KEMALETTİN TUĞCU İLE BİR ÇOCUK OKUR OLMAK
Çocukluğunu/ ilkgençliğini 1960’lı, 1970’li yıllarda yaşayanların vazgeçilmez yol arkadaşlarından birisiydi Kemalettin Tuğcu. Bundan on iki yıl önce, 18 Ekim 1996 tarihinde yitirdiğimiz yazarın, bazen düşlerimizi dolduran gizemli bir okuma yolculuğuna, bazen de Ayşecik gibi sevimli film karelerine dönüşen romanları, ilginç kapaklarıyla, illüstrasyonlarıyla, afişleriyle bir döneme ciddi anlamda damgasını vurmuş birer popüler kültür yapıtıydı. Kemalettin Tuğcu, yalnızca yazınsal değil; aynı zamanda toplumsal bir fenomenin adıydı. Bu adın çevresinde oluşan büyülü bir hale vardı sanki. “Kemalettin Tuğcu okumak” şeklinde bir deyiş de dolaşırdı dillerde.

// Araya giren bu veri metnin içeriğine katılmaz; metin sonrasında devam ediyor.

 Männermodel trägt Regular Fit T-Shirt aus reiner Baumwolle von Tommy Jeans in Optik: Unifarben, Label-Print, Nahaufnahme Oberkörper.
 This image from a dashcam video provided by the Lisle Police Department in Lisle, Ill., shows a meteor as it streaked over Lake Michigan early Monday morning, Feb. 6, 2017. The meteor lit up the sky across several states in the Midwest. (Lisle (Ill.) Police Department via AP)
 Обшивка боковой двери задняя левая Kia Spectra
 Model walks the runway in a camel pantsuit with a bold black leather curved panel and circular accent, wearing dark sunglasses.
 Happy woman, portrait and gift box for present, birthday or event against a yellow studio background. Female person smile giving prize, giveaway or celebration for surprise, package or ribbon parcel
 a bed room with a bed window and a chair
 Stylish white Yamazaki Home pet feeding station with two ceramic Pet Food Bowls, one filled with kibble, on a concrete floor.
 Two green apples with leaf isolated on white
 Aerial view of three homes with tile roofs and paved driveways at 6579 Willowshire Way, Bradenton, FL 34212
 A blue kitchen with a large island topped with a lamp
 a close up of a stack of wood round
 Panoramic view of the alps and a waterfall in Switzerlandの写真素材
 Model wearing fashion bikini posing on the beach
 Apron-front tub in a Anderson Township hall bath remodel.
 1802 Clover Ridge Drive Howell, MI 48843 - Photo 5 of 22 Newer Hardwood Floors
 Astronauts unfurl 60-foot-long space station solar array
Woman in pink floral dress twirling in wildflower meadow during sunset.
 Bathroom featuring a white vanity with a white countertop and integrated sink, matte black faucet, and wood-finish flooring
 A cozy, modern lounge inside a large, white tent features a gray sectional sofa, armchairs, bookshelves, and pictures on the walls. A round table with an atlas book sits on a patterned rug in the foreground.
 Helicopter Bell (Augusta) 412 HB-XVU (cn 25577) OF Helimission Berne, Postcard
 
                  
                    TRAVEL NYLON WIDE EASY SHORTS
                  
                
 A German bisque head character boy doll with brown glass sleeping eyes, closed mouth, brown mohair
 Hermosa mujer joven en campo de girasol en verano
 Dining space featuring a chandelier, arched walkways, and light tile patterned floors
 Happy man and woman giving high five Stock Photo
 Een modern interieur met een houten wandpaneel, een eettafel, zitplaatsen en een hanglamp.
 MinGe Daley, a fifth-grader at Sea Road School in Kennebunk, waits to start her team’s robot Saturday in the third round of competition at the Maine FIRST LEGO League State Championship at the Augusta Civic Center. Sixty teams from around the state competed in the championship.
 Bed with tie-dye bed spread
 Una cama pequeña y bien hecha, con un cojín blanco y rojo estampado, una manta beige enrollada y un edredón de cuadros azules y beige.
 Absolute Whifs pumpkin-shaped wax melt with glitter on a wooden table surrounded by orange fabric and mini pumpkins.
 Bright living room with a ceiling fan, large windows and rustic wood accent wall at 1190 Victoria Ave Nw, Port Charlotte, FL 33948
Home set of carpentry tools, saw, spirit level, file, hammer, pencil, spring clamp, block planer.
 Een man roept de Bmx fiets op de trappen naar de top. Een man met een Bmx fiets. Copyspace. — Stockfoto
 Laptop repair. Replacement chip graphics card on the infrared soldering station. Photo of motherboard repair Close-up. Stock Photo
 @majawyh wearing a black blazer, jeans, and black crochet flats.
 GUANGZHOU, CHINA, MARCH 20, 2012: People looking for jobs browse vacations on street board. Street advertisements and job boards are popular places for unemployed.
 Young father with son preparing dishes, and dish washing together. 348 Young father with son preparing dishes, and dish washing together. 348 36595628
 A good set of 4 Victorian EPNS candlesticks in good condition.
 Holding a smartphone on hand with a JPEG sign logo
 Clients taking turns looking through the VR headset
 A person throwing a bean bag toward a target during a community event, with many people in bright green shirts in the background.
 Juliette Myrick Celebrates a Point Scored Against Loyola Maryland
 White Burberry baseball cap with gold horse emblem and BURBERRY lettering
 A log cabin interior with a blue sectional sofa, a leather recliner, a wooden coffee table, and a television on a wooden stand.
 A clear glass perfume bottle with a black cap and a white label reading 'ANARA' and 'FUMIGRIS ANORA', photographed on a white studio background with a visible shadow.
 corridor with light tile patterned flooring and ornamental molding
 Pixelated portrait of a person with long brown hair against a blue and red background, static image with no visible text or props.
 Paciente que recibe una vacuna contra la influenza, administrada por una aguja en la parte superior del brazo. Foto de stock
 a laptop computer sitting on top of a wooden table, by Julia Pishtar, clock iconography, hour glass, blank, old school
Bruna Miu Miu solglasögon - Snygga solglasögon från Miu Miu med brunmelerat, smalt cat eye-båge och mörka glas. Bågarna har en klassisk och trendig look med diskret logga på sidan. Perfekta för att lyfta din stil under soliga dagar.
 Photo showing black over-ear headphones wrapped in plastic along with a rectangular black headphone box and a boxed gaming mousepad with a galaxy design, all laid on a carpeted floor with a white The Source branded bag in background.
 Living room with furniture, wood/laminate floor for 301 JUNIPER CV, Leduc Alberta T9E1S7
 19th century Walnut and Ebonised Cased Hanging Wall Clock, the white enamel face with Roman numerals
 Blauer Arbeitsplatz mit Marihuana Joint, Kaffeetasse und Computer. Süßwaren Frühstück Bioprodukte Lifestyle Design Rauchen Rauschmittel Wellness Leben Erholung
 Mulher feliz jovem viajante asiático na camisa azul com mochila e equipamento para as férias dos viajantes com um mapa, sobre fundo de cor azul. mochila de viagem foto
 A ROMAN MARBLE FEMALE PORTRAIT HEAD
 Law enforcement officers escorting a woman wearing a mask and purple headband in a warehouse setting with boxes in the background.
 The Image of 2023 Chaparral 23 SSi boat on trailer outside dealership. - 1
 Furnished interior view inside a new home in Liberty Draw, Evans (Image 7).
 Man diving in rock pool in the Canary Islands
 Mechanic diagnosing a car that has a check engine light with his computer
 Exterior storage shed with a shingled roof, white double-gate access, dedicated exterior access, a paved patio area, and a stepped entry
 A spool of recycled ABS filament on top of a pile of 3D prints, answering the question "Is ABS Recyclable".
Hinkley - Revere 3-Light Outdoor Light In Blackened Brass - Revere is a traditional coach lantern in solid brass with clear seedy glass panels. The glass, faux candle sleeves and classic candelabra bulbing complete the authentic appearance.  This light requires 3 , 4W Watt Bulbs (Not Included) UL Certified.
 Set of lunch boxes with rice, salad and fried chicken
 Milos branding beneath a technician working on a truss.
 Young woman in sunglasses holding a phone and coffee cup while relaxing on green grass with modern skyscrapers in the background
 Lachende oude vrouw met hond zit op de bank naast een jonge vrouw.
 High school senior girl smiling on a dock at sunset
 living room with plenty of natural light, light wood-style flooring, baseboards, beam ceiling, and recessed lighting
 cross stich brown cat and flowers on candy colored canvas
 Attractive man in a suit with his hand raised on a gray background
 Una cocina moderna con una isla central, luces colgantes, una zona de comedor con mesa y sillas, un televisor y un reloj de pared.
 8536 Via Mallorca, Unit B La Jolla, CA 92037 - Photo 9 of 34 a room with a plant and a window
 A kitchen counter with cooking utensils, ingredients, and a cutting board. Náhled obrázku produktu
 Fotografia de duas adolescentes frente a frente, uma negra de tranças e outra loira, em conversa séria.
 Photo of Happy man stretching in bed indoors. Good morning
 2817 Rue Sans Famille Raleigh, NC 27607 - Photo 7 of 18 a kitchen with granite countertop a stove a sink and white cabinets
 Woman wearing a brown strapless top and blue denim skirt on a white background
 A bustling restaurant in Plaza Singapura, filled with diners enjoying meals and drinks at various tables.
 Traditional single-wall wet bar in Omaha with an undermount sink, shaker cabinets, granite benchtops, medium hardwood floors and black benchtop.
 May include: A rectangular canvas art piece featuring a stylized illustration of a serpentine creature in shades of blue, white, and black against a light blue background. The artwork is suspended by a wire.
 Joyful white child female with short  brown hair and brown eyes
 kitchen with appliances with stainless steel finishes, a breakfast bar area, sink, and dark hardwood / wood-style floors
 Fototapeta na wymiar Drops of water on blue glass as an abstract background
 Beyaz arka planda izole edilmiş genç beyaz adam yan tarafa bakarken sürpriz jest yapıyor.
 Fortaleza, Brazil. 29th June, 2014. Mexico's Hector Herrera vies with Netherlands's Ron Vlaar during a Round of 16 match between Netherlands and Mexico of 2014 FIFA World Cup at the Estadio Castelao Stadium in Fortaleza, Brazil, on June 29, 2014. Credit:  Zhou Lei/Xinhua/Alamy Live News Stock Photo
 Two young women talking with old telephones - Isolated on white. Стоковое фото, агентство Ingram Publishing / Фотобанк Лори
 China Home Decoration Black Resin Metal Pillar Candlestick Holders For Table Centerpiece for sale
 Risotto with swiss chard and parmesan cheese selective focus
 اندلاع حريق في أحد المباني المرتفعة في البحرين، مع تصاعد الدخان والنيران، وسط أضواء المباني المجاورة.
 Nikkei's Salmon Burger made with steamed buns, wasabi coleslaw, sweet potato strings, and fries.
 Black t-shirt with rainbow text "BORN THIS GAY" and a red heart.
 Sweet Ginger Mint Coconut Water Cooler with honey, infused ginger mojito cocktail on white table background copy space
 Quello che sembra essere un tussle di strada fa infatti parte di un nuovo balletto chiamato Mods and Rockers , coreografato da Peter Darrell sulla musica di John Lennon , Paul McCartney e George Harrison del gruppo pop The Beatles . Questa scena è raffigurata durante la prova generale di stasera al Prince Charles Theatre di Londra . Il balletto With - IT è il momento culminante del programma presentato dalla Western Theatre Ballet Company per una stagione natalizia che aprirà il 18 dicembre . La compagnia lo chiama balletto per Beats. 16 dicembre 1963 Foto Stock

Yılmaz Erdoğan, Kayıp Kentin Yakışıklısı kitabında yer alan Yaşayabilme İhtimali adlı ünlü şiirinde “Bizim Kemalettin Tuğcularımız vardı” diyerek, onun, bir dönemin çocuk ve ergenlerinin duyarlılığını oluşturan, onların iç dünyalarında derin izler bırakan bir yazar oluşuna göndermede bulunmaktadır. Bir bakıma, “insan, okuduklarının ve yaşadıklarının bir toplamı” değil midir?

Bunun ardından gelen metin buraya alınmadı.